━━ RECORDS PROVIDED
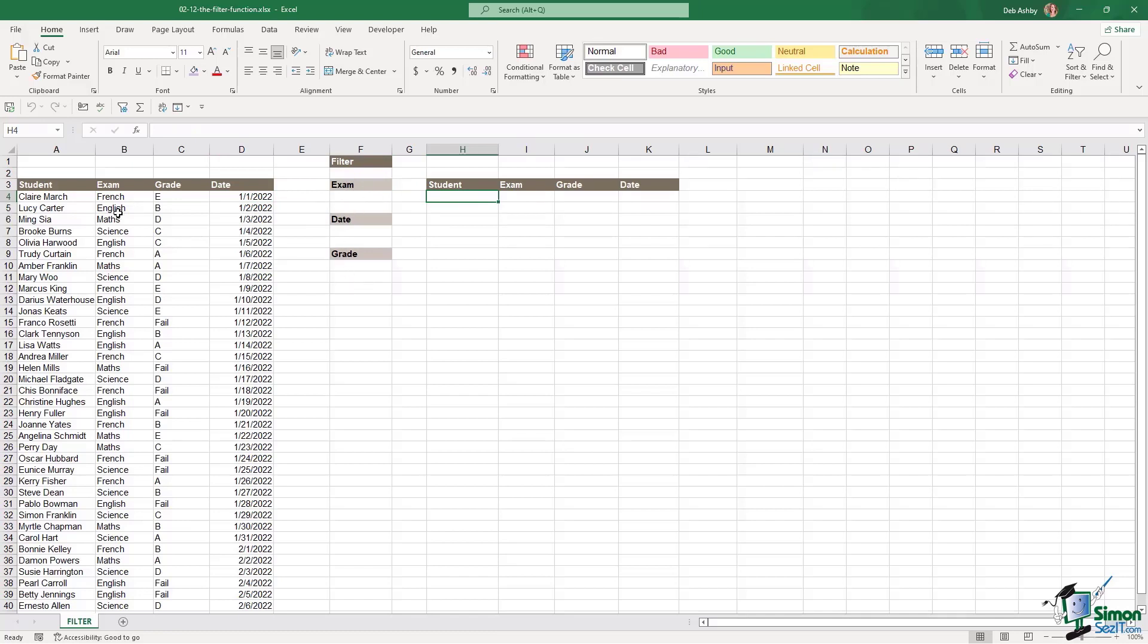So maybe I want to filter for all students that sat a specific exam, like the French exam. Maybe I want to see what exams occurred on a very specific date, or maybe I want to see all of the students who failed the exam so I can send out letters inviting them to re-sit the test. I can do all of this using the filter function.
━━━━
━━ RECORDS PROVIDED
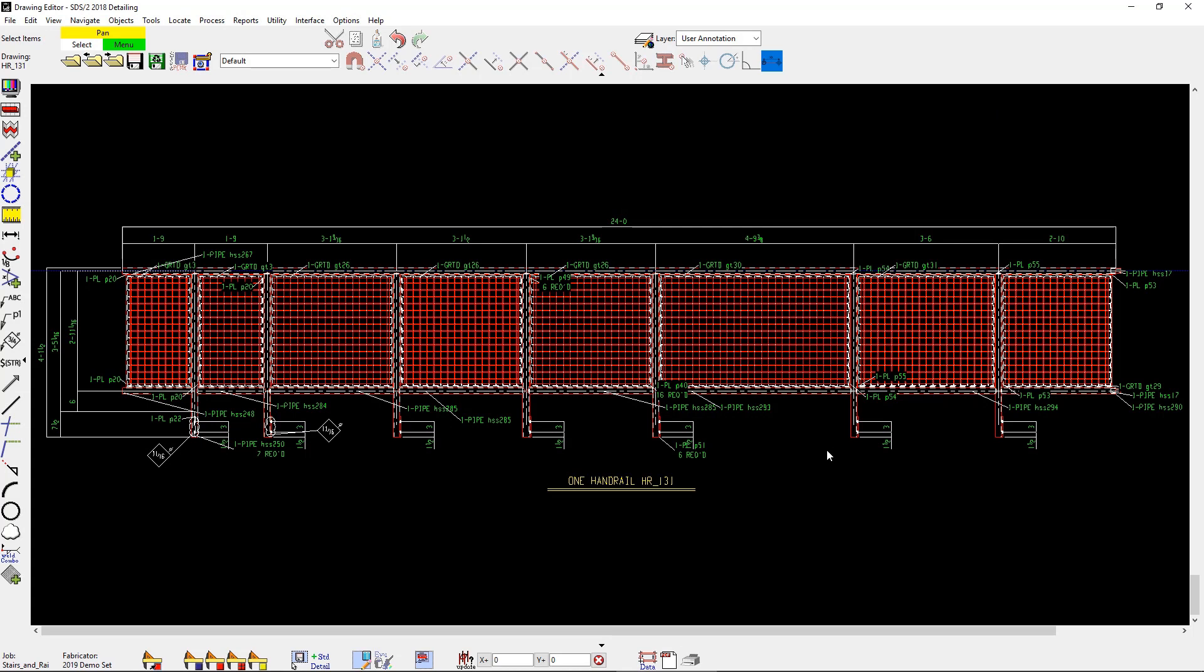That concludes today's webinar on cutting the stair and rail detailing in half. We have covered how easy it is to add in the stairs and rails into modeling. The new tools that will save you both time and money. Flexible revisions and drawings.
━━━━
━━ RECORDS PROVIDED
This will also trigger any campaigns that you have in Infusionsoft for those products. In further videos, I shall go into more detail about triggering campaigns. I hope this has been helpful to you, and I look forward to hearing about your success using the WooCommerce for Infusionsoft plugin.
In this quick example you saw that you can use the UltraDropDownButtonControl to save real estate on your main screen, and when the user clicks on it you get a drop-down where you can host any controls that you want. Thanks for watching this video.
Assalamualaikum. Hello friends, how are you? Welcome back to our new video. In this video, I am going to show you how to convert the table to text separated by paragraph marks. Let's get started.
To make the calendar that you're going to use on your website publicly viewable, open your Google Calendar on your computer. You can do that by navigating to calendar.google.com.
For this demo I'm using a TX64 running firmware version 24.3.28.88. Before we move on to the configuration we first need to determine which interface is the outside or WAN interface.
━━━━
_WHAT IS REQUIRED_
Above are the entries. Output exactly the lines beginning with the line that has "To make the" and ending with the line that has "For this demo".

_OUTPUT_
To make the calendar that you're going to use on your website publicly viewable, open your Google Calendar on your computer. You can do that by navigating to calendar.google.com.
For this demo I'm using a TX64 running firmware version 24.3.28.88. Before we move on to the configuration we first need to determine which interface is the outside or WAN interface.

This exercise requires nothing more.